Neue, moderne Dorfchronik
«Sinser Dorfgeschichte(n)» heisst das Werk. Zwei Jahre haben Historikerinnen und Historiker daran gearbeitet und die Geschichte des Dorfes von 1941 bis jetzt beleuchtet. Dabei haben sie 16 Personen aus dem Dorf interviewt – vom 25-Jährigen bis zur 94-Jährigen. Entstanden sind ein Buch mit über 200 Seiten und eine Homepage, die ins Bilderarchiv so mancher Familie blicken lässt. Und diese soll als interaktive Möglichkeit bleiben, Geschichte weiterzuschreiben. --ake
«Sinser Dorfgeschichte(n)» lassen die jüngste Geschichte der Gemeinde aufleben
Von 1941 bis heute. Also seit Sins nicht mehr Meienberg heisst. Und seit die Lonza im Dorf die Industrialisierung vorantrieb. 16 Menschen aus dem Dorf erinnern sich, beantworten Fragen. Entstanden ist eine bunte, moderne Dorfchronik und eine interaktive Homepage, die zum Mitmachen anregen soll.
Annemarie Keusch
Die Geschichte. Nur eine, dafür die richtige. «Das gibt es nicht», sagt Giulia Schiess. Sie ist Historikerin, leitet mit Jürg Stadelmann das Büro für Geschichte, Kultur und Zeitgeschehen in Luzern. Die beiden stehen massgeblich hinter dem, was an diesem Abend im Kulturbau Küngsmatt gefeiert wird. Das neue Buch «Sinser Dorfgeschichte(n)». «Geschichte lebt von Anekdoten, von Alltäglichem und sie wird erlebbar, wenn man den Leuten vor Ort zuhört, sie fragt, was sie erlebt haben», führt Schiess aus. Genau das habe man gemacht.

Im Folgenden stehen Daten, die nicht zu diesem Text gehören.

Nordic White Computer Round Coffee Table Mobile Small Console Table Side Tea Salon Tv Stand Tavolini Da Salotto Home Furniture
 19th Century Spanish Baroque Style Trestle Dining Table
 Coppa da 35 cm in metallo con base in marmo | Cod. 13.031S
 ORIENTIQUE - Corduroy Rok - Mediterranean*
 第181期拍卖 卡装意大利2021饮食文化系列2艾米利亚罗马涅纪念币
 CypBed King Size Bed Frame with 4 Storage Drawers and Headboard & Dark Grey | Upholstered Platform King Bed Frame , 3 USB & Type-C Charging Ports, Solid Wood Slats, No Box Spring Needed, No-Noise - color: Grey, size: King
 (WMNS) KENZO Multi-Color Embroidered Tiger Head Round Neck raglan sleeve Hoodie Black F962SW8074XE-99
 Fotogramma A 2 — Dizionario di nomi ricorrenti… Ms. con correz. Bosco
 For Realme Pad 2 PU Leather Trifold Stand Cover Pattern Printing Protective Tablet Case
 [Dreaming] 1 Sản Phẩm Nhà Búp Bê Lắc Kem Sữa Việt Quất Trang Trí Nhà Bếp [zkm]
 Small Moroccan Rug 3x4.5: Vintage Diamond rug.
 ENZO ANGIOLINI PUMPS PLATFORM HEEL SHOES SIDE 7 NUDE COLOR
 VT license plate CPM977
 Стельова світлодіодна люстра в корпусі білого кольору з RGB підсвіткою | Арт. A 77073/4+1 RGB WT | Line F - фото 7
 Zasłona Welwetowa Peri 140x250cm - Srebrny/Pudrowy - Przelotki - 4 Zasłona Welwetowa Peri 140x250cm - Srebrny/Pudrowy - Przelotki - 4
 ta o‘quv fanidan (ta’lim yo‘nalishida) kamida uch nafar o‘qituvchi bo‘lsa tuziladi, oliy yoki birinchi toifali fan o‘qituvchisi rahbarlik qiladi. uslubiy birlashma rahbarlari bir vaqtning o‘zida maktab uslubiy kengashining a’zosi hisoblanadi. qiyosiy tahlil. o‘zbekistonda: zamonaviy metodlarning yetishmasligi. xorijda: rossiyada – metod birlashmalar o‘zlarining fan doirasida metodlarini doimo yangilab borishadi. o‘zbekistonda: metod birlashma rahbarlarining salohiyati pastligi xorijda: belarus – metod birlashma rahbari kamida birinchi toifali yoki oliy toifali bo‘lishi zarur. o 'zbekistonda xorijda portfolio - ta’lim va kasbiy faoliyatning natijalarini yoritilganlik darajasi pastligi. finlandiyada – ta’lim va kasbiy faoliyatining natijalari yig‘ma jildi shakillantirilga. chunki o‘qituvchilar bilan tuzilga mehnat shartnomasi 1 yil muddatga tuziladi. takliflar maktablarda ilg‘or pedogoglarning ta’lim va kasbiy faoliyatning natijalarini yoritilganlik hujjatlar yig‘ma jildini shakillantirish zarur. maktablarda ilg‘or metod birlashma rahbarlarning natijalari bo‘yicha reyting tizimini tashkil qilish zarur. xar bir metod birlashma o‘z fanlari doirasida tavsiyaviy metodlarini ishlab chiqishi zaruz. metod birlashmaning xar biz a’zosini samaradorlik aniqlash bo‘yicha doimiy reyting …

Natürlich waren sie auch in den Archiven, haben geschichtliche Fakten miteinbezogen. Aber eben nicht nur. 16 Gespräche mit Sinserinnen und Sinsern sind am Ursprung des Buchprojekts. 24 Stunden Gesprächsaufnahmen. Vom 25-Jährigen bis zur heute 95-Jährigen – ihr Sins, ihr Blick aufs Dorf, ihre Erlebnisse, ihre Erinnerungen kommen zum Tragen, machen das Buch und damit die Geschichte lebendig. Oder machen aus Sins das, was die Kinder am Anfang der Vernissage besingen: Heimat. «Mis Härz ghört dahi», heisst es in Trauffers «Heiterefahne».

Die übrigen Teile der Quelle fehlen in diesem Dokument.